Hovig Demirjian (Western Armenian: ; ; Eastern Armenian: ; born 3 January 1989), also known by the mononym Hovig, is an Armenian-Cypriot singer. He represented Cyprus in the Eurovision Song Contest 2017 with the song "Gravity", finishing in 21st place.

Life and career
Demirjian or Demirdjian was born on 3 January 1989 in Nicosia, Cyprus, and is of Armenian descent. He studied marketing and worked in business, but quickly gave up in order to become a singer. He learned to play the guitar and piano and also studied jazz and vocals. His first major achievement was placing second in a musical competition in Larnaca. He became well known in Cyprus with the nickname "The Music Messenger". On June 1, 2009, he released "Den mou milas alithina (Istoria exei teleiwsei)" (in Greek "Δεν μού μιλάς - ιστορία έχει τελειώσει") under the mononym Hovig accompanied by a music video in preparation for the Greek X Factor. The song was written by Argiro Christodoulidou and music video directed by Kostas Voniatis.

Greek X Factor
In 2009, Demirjian took part in the second season of The X Factor Greece broadcast on the Greek television station ANT1. He auditioned with the Greek song "Pote" (in Greek "Ποτέ") and qualified for the Boys (16-24) category mentored by Nikos Mouratidis. In the inaugural live show, he sang "How to Save a Life" from The Fray and in second week the Armenian-themed "Menos ektos" from Eleftheria Arvanitaki. In week 3 of the live shows he sang "Unchain My Heart" from Ray Charles and Joe Cocker followed by Bon Jovi's "You Give Love a Bad Name in week 4 and "With a Little Help from My Friends" from The Beatles and Joe Cocker in week 5. He continued with various interpretations like "(I Can't Get No) Satisfaction" from The Rolling Stones, "Feel from Robbie Williams and "You Can Leave Your Hat On" again from Cocker and "It's a Man's Man's Man's World". In the 11th live show, he performed two songs: the Greek-language "Pou Na Sai" from Andonis Remos and "Hello" from Lionel Richie. He ended up finishing in seventh place in the competition.

After X Factor
After X factor, he returned to Cyprus developing a solo music career.

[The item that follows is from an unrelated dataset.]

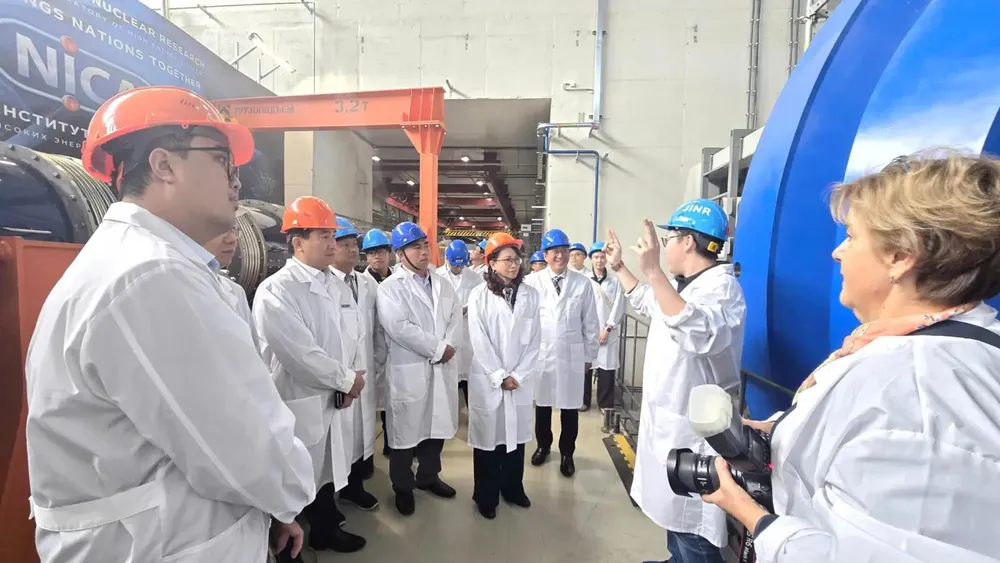 Đoàn công tác ĐHQG TPHCM tham quan Tổ hợp máy gia tốc NICA thuộc Phòng thí nghiệm Vật lý Năng lượng cao Veksler và Baldin.jpg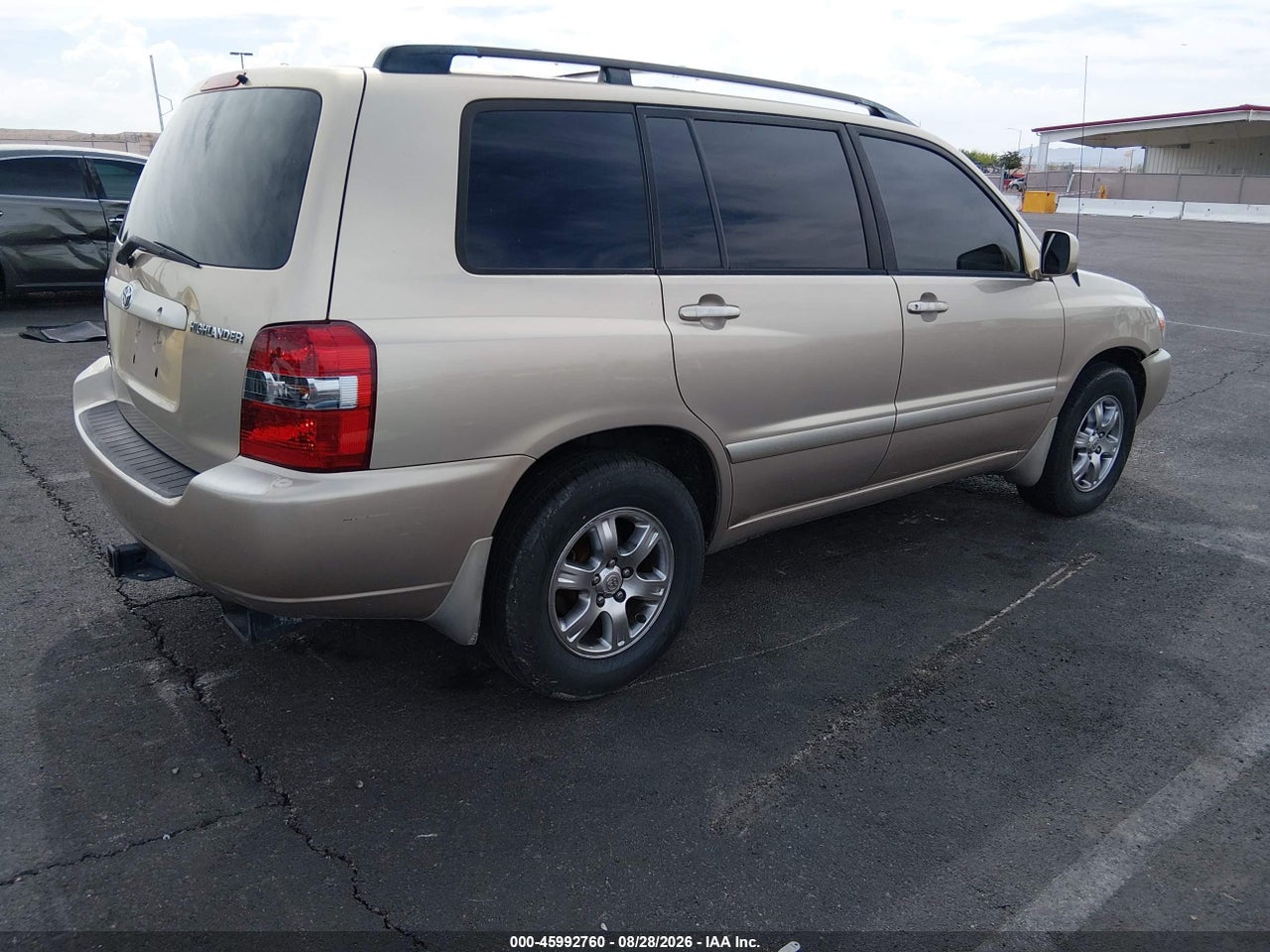 2004 TOYOTA HIGHLANDER V6 · 4/11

He released a number of singles including the Greek-language songs "Ksana" (in Greek Ξανά) in 2010, "Mystika" (in Greek Μυστικά) in 2012 and "Ekho ya mena" (in Greek "Εγω Για Μένα") in 2013. He also toured internationally performing in various concerts in Greece, the Middle East and Russia.

Eurovision Song Contest
Following The X Factor Greece, Demirjian competed to represent Cyprus in the Eurovision Song Contest on two occasions; 2010 and 2015. In 2010, he placed third with "Goodbye", and in 2015, he placed fourth with "Stone in a River".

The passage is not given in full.